|Year : 2020 | Volume
| Issue : 5 | Page : 906-907
Descemet detachment in a phakic patient
Abhijeet Beniwal, Rahul Kumar Bafna, Namrata Sharma
Dr. Rajendra Prasad Centre for Ophthalmic Sciences, All India Institute of Medical Sciences, New Delhi, India
|Date of Submission||13-Apr-2019|
|Date of Acceptance||06-Nov-2019|
|Date of Web Publication||20-Apr-2020|
Prof. Namrata Sharma
Dr.
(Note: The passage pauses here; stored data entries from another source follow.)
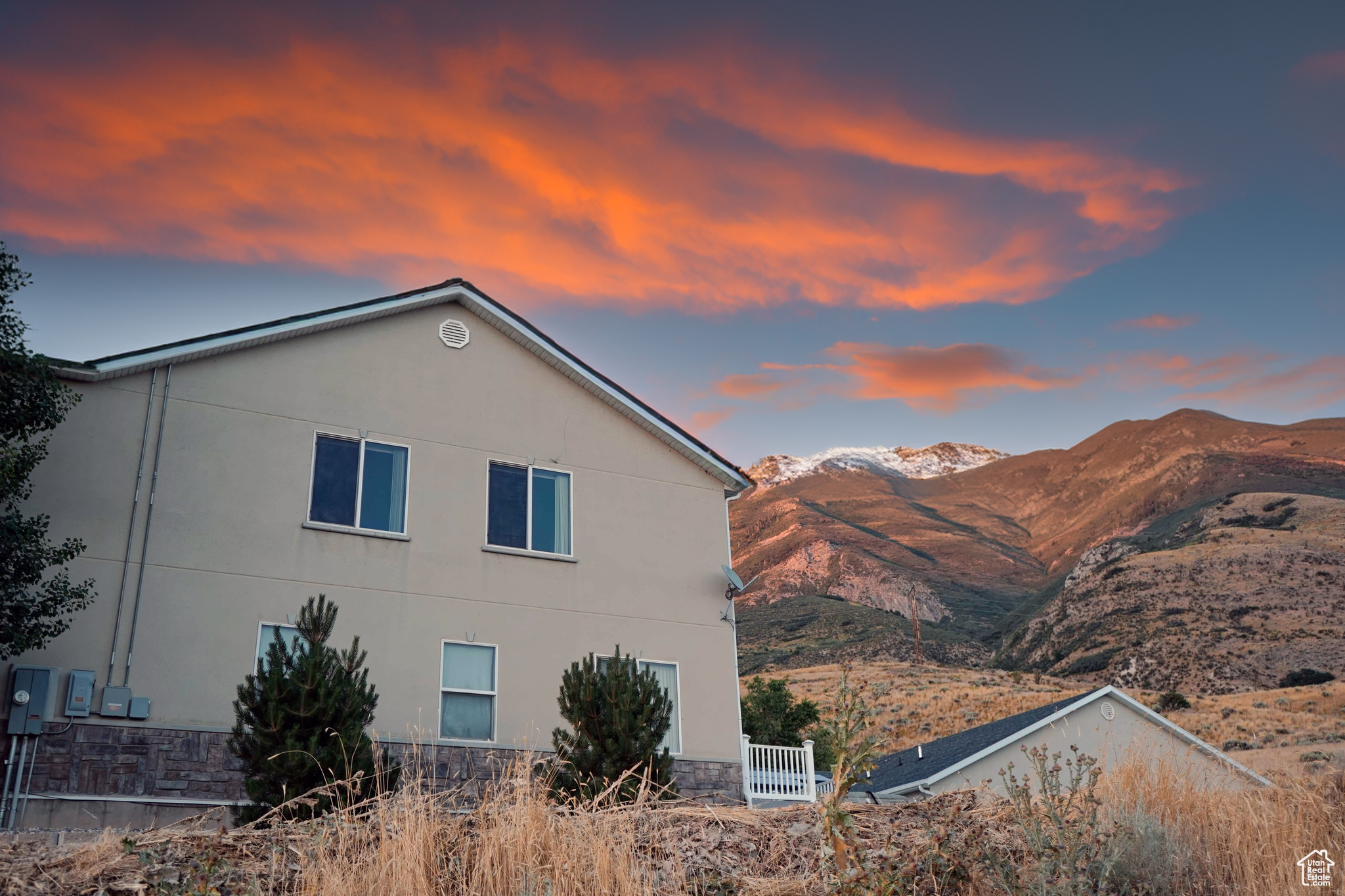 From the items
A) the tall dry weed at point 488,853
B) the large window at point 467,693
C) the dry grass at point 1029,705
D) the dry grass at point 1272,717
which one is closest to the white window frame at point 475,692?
the large window at point 467,693

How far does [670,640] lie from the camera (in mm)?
17078

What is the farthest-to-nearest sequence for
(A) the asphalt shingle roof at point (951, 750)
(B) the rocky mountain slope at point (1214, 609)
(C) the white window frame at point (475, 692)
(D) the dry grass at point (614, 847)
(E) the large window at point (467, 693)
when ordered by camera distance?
(B) the rocky mountain slope at point (1214, 609), (A) the asphalt shingle roof at point (951, 750), (E) the large window at point (467, 693), (C) the white window frame at point (475, 692), (D) the dry grass at point (614, 847)

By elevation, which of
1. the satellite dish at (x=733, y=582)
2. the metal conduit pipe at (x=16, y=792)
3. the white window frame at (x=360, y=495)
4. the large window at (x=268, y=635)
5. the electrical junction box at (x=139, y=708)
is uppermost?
the white window frame at (x=360, y=495)

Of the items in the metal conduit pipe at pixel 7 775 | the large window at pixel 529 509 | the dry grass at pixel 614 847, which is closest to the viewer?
the dry grass at pixel 614 847

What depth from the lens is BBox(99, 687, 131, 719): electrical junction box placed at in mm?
12664

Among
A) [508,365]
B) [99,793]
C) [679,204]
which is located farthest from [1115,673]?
[99,793]

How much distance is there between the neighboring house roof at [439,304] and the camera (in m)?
14.1

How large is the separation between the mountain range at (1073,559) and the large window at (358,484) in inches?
2459

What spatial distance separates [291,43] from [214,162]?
2457mm

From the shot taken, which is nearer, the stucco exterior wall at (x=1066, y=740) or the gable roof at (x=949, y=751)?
the stucco exterior wall at (x=1066, y=740)

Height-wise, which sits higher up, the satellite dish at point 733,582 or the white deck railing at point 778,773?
the satellite dish at point 733,582

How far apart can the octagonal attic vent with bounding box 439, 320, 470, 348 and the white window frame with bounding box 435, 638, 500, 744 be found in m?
4.69

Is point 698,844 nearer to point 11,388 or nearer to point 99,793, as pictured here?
point 99,793

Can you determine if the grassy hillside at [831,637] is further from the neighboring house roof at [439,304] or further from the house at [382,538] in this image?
the house at [382,538] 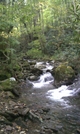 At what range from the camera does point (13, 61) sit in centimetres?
1402

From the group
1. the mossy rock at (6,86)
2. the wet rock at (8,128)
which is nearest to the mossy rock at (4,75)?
the mossy rock at (6,86)

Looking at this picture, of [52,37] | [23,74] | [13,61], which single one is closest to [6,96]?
[13,61]

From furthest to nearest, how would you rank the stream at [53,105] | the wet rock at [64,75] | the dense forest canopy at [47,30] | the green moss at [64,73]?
the dense forest canopy at [47,30] → the green moss at [64,73] → the wet rock at [64,75] → the stream at [53,105]

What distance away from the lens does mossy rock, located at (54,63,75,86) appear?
45.1 feet

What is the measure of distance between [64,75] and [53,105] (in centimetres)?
456

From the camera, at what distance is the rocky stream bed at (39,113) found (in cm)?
654

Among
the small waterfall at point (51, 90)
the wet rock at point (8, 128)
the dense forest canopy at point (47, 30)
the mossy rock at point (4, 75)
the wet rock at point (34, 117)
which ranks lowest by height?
the wet rock at point (8, 128)

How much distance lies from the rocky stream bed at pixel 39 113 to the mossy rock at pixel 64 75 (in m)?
0.98

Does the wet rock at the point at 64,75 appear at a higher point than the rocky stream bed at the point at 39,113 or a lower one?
higher

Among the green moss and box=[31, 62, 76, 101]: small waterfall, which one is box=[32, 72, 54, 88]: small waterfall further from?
the green moss

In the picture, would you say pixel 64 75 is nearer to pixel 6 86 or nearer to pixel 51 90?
pixel 51 90

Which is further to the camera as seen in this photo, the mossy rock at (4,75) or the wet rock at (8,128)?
the mossy rock at (4,75)

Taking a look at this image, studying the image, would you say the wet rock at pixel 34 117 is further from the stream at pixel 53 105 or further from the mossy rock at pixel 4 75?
the mossy rock at pixel 4 75

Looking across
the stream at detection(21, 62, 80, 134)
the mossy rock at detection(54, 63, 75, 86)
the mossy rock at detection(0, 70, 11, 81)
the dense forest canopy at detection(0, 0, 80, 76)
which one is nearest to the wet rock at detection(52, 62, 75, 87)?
the mossy rock at detection(54, 63, 75, 86) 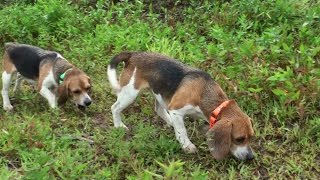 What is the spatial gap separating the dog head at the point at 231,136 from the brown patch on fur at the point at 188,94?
1.49ft

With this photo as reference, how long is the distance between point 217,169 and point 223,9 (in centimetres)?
403

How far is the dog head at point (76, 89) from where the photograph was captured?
714 cm

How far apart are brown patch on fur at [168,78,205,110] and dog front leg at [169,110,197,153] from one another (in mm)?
87

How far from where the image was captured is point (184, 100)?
598cm

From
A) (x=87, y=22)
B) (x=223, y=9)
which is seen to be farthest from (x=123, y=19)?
(x=223, y=9)

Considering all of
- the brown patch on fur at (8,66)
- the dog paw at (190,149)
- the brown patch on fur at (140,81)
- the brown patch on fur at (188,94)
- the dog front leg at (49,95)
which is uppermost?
the brown patch on fur at (188,94)

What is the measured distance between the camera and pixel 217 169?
583 cm

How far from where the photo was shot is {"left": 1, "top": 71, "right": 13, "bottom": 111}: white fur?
296 inches

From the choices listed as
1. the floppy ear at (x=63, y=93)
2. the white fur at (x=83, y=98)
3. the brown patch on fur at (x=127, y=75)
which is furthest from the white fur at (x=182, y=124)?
the floppy ear at (x=63, y=93)

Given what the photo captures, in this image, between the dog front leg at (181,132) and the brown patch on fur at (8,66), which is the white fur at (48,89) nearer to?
the brown patch on fur at (8,66)

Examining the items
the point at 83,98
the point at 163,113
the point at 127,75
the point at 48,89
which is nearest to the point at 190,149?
the point at 163,113

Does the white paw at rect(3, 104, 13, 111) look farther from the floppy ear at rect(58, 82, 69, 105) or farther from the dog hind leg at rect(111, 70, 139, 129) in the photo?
the dog hind leg at rect(111, 70, 139, 129)

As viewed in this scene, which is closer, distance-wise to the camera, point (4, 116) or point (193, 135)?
point (193, 135)

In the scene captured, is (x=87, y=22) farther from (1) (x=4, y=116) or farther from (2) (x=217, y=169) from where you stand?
(2) (x=217, y=169)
Rajendra Prasad Centre for Ophthalmic Sciences, All India Institute of Medical Sciences, New Delhi - 110 029
Source of Support: None, Conflict of Interest: None
Keywords: Descemet detachment, Phakic, Healed keratitis
|How to cite this article:|
Beniwal A, Bafna RK, Sharma N. Descemet detachment in a phakic patient. Indian J Ophthalmol 2020;68:906-7
Descemet's membrane is product of synthesis and secretion of endothelial cell layer and is bound to it by hemidesmosome-binding complexes. However, the association between Descemet membrane and stroma is much more labile. This interface has fibrillar bundles of collagen in corneal stroma with particular spatial arrangement. Type IV collagen is also present. Usually surgical trauma is the triggering factor in Descemet detachment. Fluid seeps in pre-Descemet space separating it from stroma. However, as the subsequent discussion will show, surgical trauma is not the only factor in Descemet detachment.
A 42-year-old female patient presented to OPD with complaint of black floater in left eye for 20 days. She had visual acuity of 20/125 both eyes. Intraocular pressure was 14 mm Hg on applanation tonometry. On examination, right eye had macular corneal opacity inferotemporally [Figure 1]a and [Figure 1]b. Lens was clear. Rest anterior segment was unremarkable. Left eye had more opacity than right eye and a Descemet membrane detachment was noticed inferonasally [Figure 2]a and [Figure 2]b Lens was clear and rest anterior segment was unremarkable. On fundus evaluation, both eyes of patient had cup-disc ratio of 0.4:1. There was peripapillary crescent and foveal reflex was dull. Patient had myopic fundus. In left eye, there was posterior vitreous detachment corresponding with her history of black floater. The finding of Descemet membrane detachment was confirmed on anterior segment optical coherence tomography [Figure 2]c. Both eyes showed scarring on anterior segment optical coherence tomography (ASOCT), [Figure 1]c and [Figure 2]c and right eye showed thinning in the area of opacity (pachymetry being 301 micrometer), whereas left eye was 543 micrometer thick. Confocal microscopy was done and altered endothelial pattern was noted [Figure 1]d and [Figure 2]d. Since the scarring was not in visual axis and the detachment was not causing any edema, no surgical intervention was done. A refraction was done and vision improved to 20/63 in both the eyes.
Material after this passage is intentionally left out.